Like Laurel Halo‘s other releases, Quarantine packs together pieces that seem like framings of sound with very distinct moods that don’t resolve easily into the usual emotional suspects. They can be unnerving and beautiful, and sometimes they are both. “Head,” a highlight from her Hour Logic EP, has a futuristic edge to it, whirring parts and white noise, a driving beat that takes you along an unsteady line between paranoia and paradise. I get the feeling I end up somewhere different each time I pass through it. It doesn’t play by any Euclidean rules of space. It’s some fringe form of mind-altering techno made of infinite gradations of gray. It’s wonderful and slightly frightening. “Metal Confection,” from her King Felix EP, on the other hand, is light and Technicolor, widescreen pop that teeters on the edge of euphoria and melancholy, as if there were only the slightest border between the two.

The songs on Quarantine, and they are almost all songs this time around, sometimes verge on similar territory, like the floating, ambient closer, “Light and Space,” which Halo seems to have tried to fill with just those things. I’m particularly partial to the shading of a sound very close to Jon Hassel’s aquatic trumpet tones, which shiver in from the depths here and there. “Words are just words, words are just words that you soon forget,” Halo sings, a fitting mantra for her music, which constantly buries the words that float over it in a menagerie of prickly and warm sensation, dark dream images and tropically colored reveries.

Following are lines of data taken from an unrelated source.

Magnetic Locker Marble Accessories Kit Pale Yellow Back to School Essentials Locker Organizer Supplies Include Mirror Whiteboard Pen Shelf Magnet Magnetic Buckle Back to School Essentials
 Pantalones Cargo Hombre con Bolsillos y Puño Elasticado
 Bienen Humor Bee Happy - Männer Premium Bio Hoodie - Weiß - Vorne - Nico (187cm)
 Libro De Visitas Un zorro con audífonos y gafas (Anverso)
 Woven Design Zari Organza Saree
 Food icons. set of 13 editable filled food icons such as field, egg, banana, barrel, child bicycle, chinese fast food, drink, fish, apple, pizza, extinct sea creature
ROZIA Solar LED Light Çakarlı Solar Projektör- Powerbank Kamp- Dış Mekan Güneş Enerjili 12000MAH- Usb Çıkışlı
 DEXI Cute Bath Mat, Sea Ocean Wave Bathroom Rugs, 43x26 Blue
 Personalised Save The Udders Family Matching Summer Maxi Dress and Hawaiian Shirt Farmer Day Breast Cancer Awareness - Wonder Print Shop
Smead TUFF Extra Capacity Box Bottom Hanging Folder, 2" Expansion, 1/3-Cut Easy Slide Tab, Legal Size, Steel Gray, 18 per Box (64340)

Her decision to leave her voice alone on the record is laudable, if only because it makes the work stand out not only from her own previous output, but also from other producers of the kind of synthetic music that carries the machine world into human territory, and vice versa. But there is definitely a perceptible space at work between vocals and music at times, and whether that works or not may well be up to the listener. Myself, I enjoy it for the most part, especially on “Thaw,” a song that pulls together out of drones and pulses into something sedately disjointed, Halo’s voice slightly droning itself, drawn out at times, stretching vowels, making a little space of wonderment amid the tripping arpeggios that hinge the sounds, textural and shrill, that appear and disappear together.

Bass and noise often have lives of their own here, as is often the case in Halo’s work, operating as presences that go beyond rhythm and background, that add to the general depth and color of each track, reshaping the tone of pieces in sudden bursts. This is the case even on one of the album’s most diaphanous songs, “Years,” on which Halo leaves her voice most bare. It is one of the most meditative pieces on the record, and as her voice teetering on the edge of its own range, it adds to a fragility, or transience, that the music seems to explore in a different way with its rippling melodies.

There is a sorrow at work in “Years,” that is at work on much of Quarantine, a sorrow cooled in a recollection that verges on a vision that is redemptive, becoming so by being beyond the way we see in everyday life. I wasn’t even sure I liked it, actually, but in the shaky fit of voice and music something gets jarred loose. It often feels like Halo is pulling images from her own past, and even if that is an imagined or fabricated past, the reiteration of these scenes gives them a new flesh in the ambiguous, swirling and metamorphosing shapes that she favors in her music. There is always something that gets past you when listening, just as there is always something in an experience that you miss but which may well end up being the kernel from which any image at all through which you can grasp that moment must grow out of.